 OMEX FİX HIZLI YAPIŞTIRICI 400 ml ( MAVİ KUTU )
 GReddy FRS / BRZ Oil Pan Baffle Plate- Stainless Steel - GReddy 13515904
==
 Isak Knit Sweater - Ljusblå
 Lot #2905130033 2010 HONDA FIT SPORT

**Required action**
Taking the listing above as the source, transcribe only the lines starting at the line with "OMEX FİX HIZLI" and going through the line with "GReddy FRS /", unaltered and with both ends included.

**Exercise answer**
 OMEX FİX HIZLI YAPIŞTIRICI 400 ml ( MAVİ KUTU )
 GReddy FRS / BRZ Oil Pan Baffle Plate- Stainless Steel - GReddy 13515904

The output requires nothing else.